The subset sum problem [1] is known to be NP-hard with the fastest known algorithm having runtime complexity of $O(2^{0.3113n})$ [2]. I'm wondering if a better algorithm exists for a particular variation, and also if the problem is still NP-hard. The variation is just 2 changes from the original problem:
- Restrict the numbers in the set to positive integers (as apposed to positive and negative). Note the problem is still NP-hard if this is the only change to the original, as claimed in wikipedia but there is a dynamic programming algorithm that gives $O(nt)$ [3] where $n$ is the set size and $t$ is the target sum. The same paper says this variation is NP-Complete.
- The size of the subset is fixed
If the size of the set is $n$ and the subset $m$ then a brute force search finds all combinations and checks the sum. There are $n\text{C}m=\frac{n!}{(n-m)!m!}$ possible combinations, which is ~$O(n^m)$ time complexity. I was unable to find any research or other stack posts that talks about this specific variation so if anyone can point me in the right direction that would be amazing!

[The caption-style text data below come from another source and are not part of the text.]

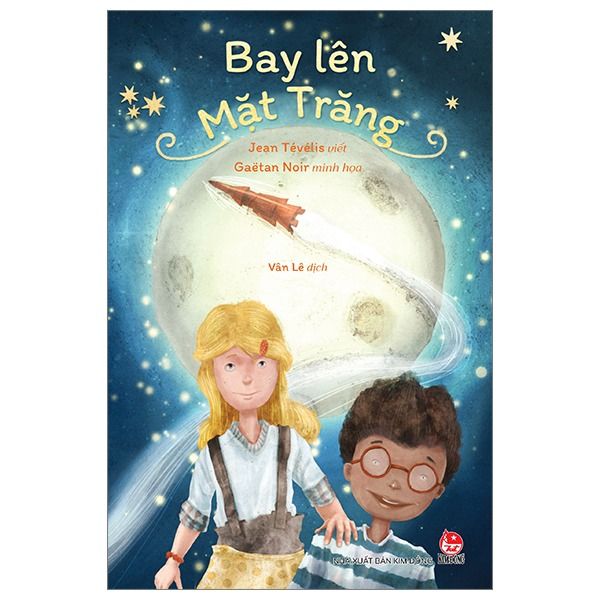 Bay Lên Mặt Trăng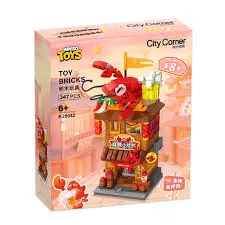 KEEPPLAY - City Corner - Spicy Crazyfish House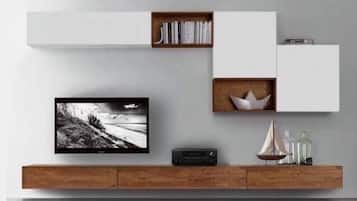 Dupleks Mewah, 3 kamar tidur, Bebas Asap Rokok | Fasilitas kamar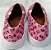 Tênis Slip On Louis Vuitton Preto F. Rosa Tam. 33 ao 43. - Imagem 6
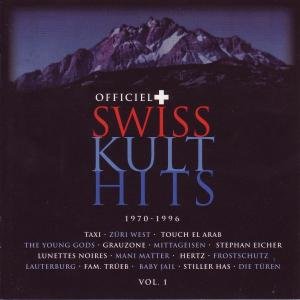 Sampler - Officiel Swiss Kult Hits 1970 - 1996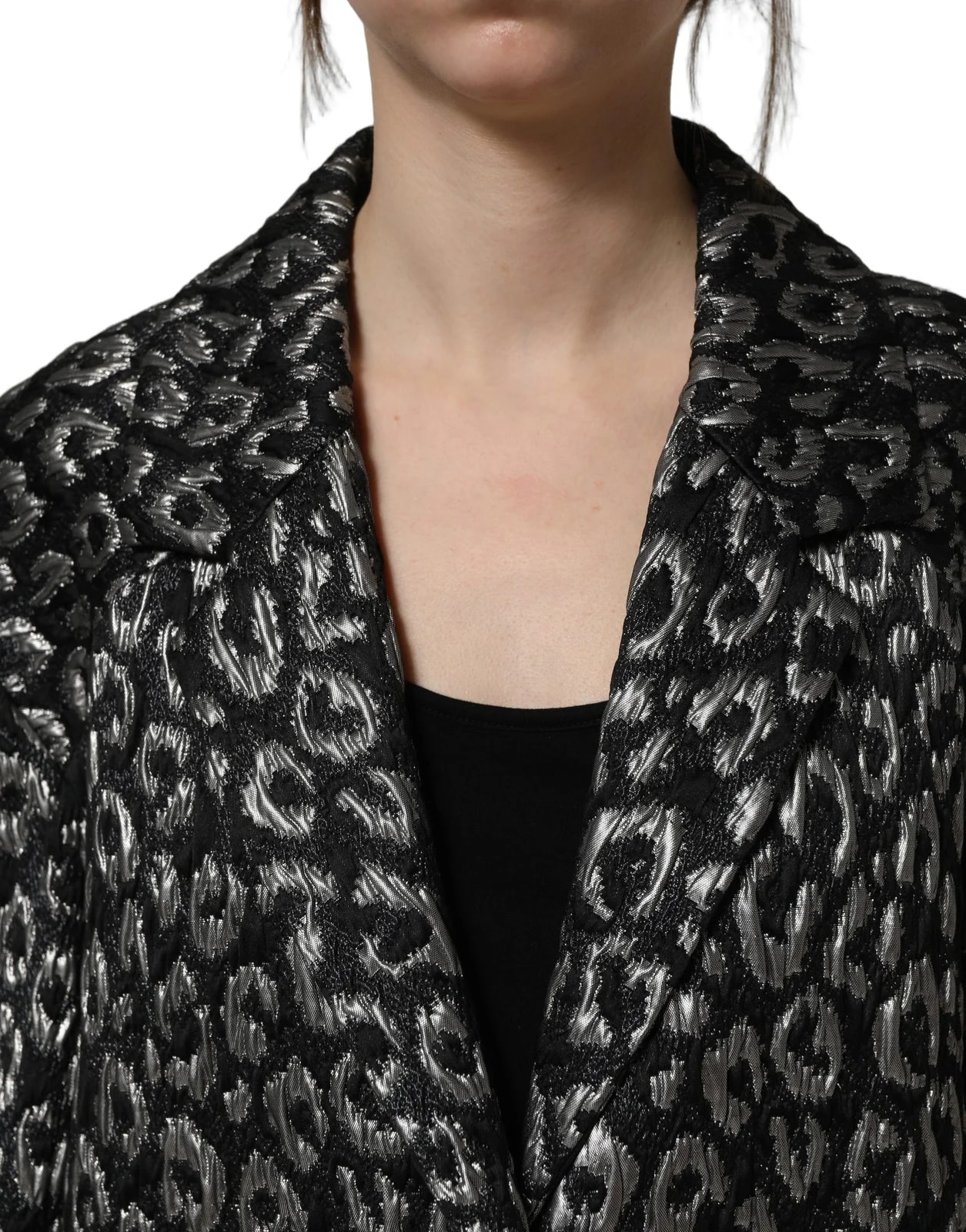 Di Stavnitser Belted Long Trench Coat Jacket 4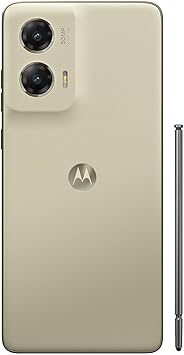 Motorola Moto G Stylus 5G | 2024 | Unlocked | Made for US 8/256GB | 50MP Camera | Caramel Latte | 2024
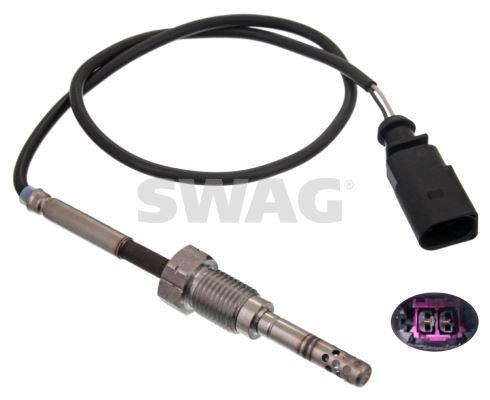 ATIK GAZ ISI SENSÖRÜ (FEBI 49264) - SWAG - OEM 70906088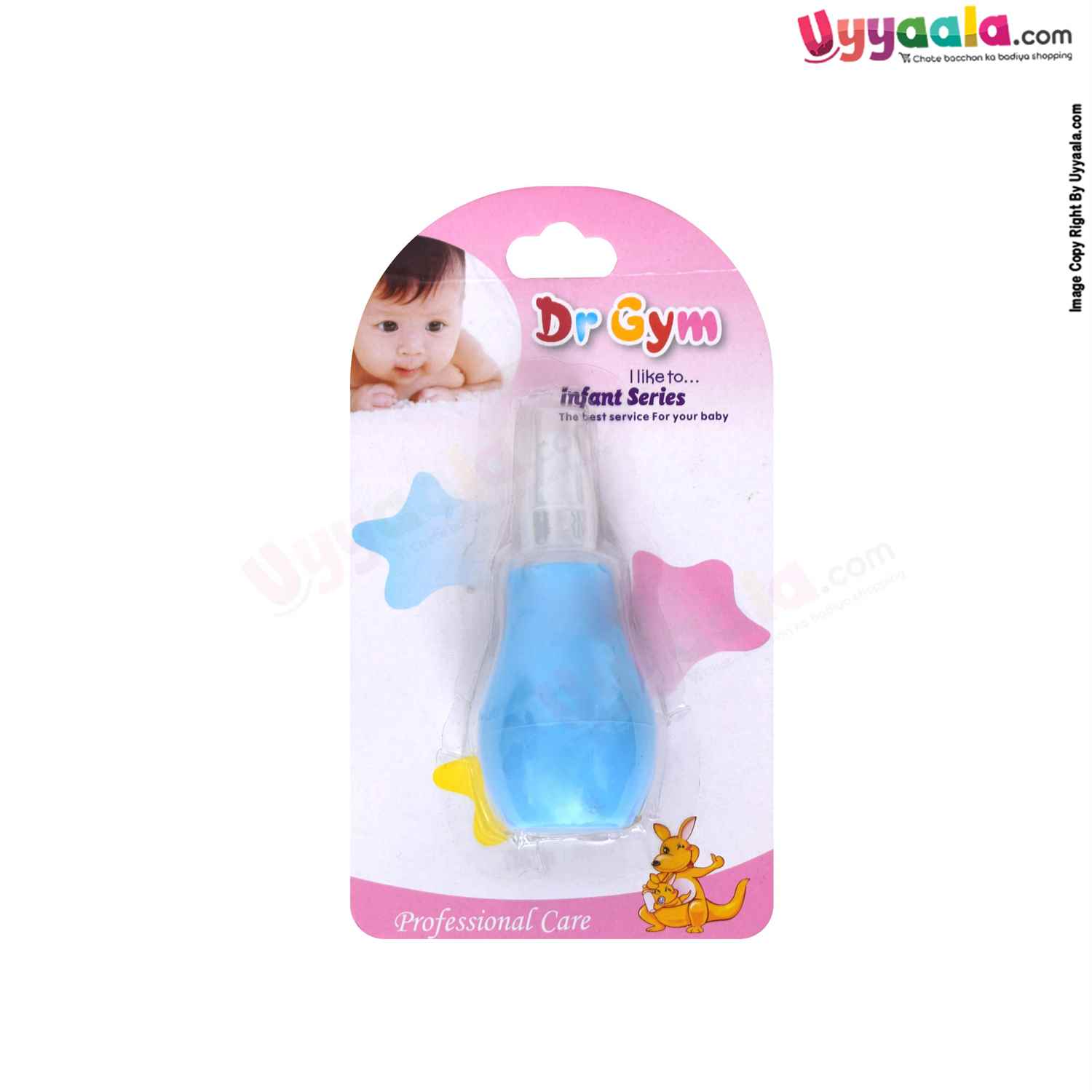 Nuby™ Nasal Aspirator & Ear Syringe Set, 1 ct - City Market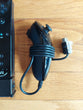 Nintendo Black WII Console Bundle W/ 3 Games 1 Nunchucks, 1 Controller, Tested, 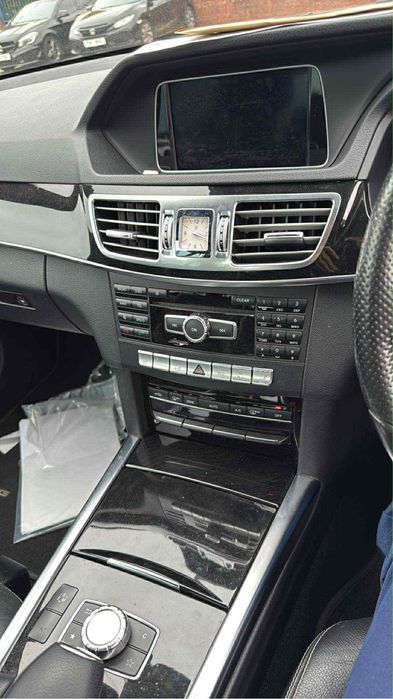 Mercedes w212 facelift 350 cdi 258конски сили НА ЧАСТИИ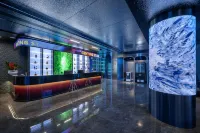 雲頂星空ホテル（黎平古城翹街観光地） - 駐車場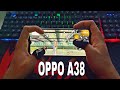 Oppo A38 Free Fire Gameplay And Handcam Sensitivity Setting Full Detail Video 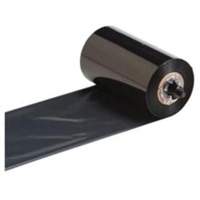 Series R6000 Printer Ribbon, 4.33" x 984', Black Fastek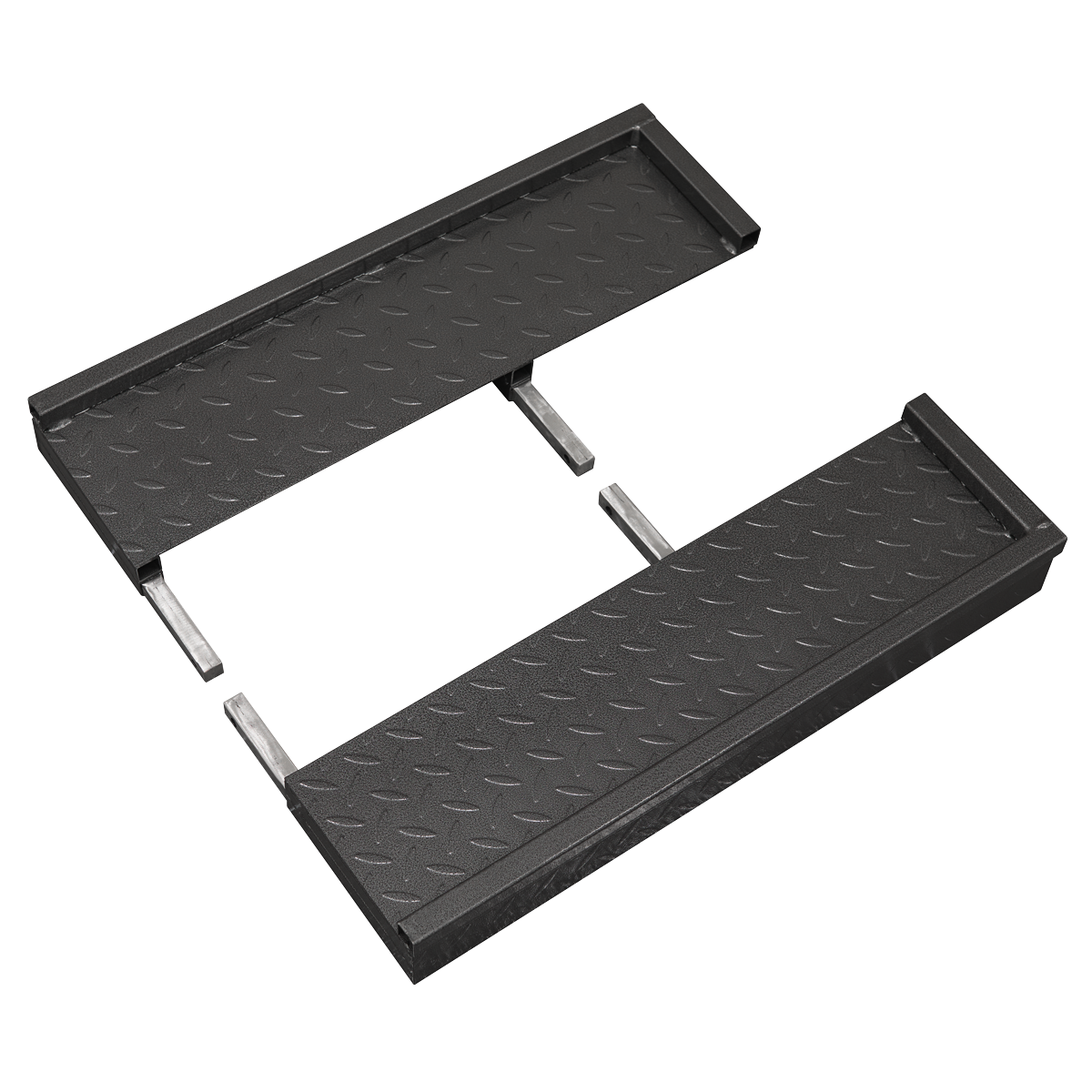Side panel for Sealey motor cycle lift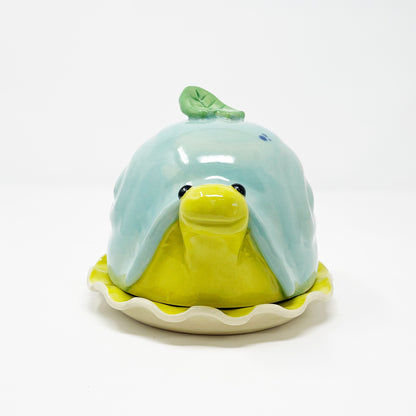 Snail Butter Dish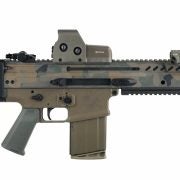 side profle of SCAR17Shorty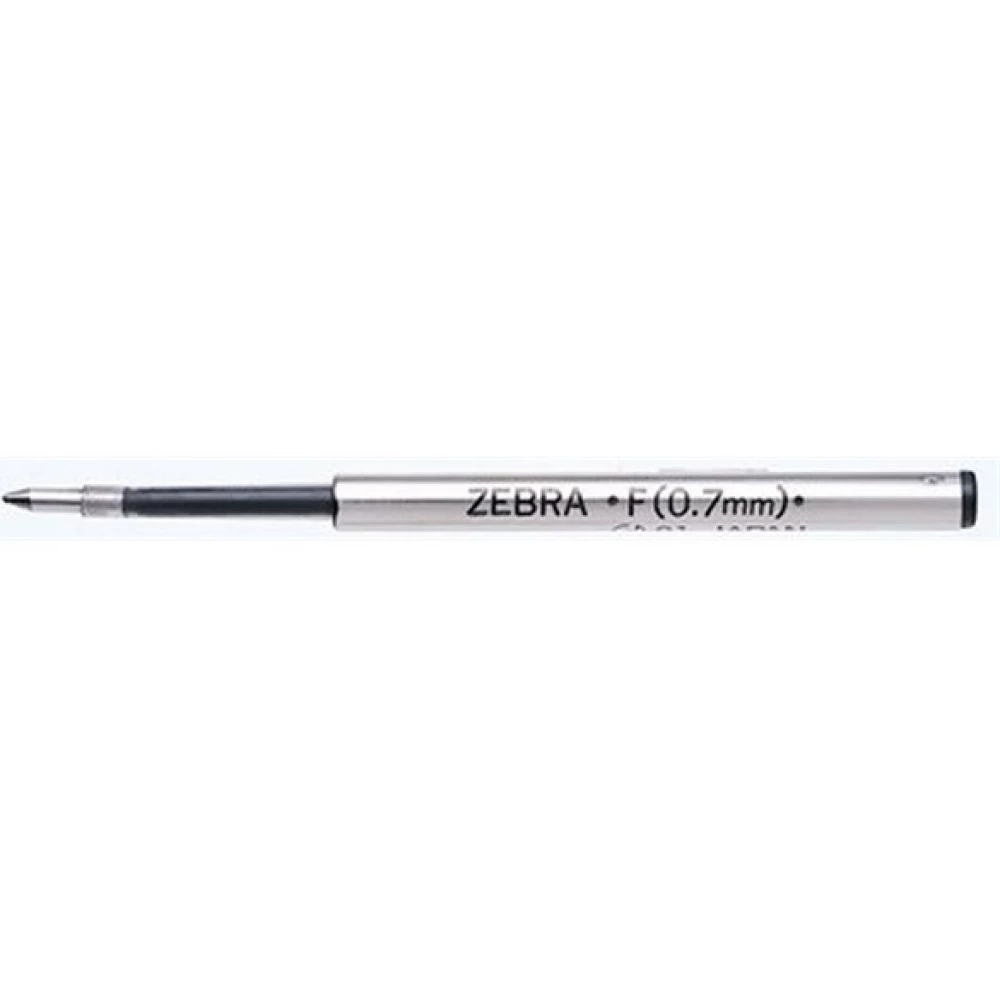ZEBRA F29912 F 0.7mm kék golyóstoll betét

The problem with arbitrary subset size is easily reduced to problem with known subset size. Assume you have $n$ total elements: $A = \{a_1, \ldots, a_n\}$ and your target is sum $M$. Let $X_n$ be multiset $\{1, 1, \ldots, 1, 2, 3, \ldots, n\}$ - $n$ ones, and also each number from $2$ to $n$. Problem "does $\{a_1 n^3, \ldots, a_n n^3\} \cup X$ has a subset of size $n + 1$ with size $M n^3 + n$" is subset-sum problem with known subset size, and it has a solution iff original subset sum problem (with set $A$ and sum $M$) has a solution of any size.
Indeed, if you have a solution of original problem of size $k$, then you can add $n + 1 - k$ elements from $X_n$ that sum to $n$, and get solution of new problem.
If you have a solution of new problem, dropping elements from $X_n$ gives you solution to the original problem.